Given information
━━━━━━━━━━━━━━━━

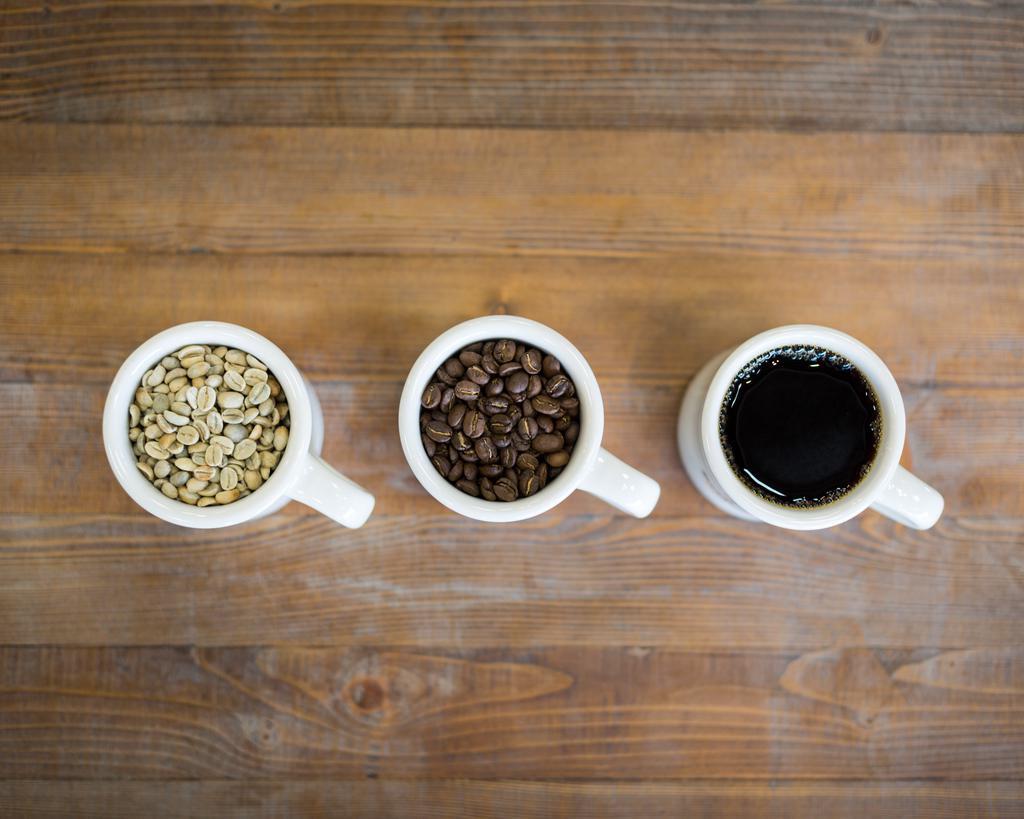 Bodhi Leaf Coffee Traders · Coffee · Breakfast · Bakery · Smoothie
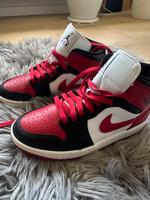 Nike Schuhe  37,5 Bielefeld - Brackwede Vorschau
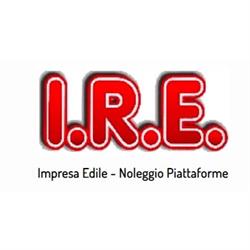 I.R.E.  Impresa Ripristini Edili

━━━━━━━━━━━━━━━━

Task objective
Output all the data above verbatim, leaving out images.

Written response
 Bodhi Leaf Coffee Traders · Coffee · Breakfast · Bakery · Smoothie
 Nike Schuhe  37,5 Bielefeld - Brackwede Vorschau
 I.R.E.  Impresa Ripristini Edili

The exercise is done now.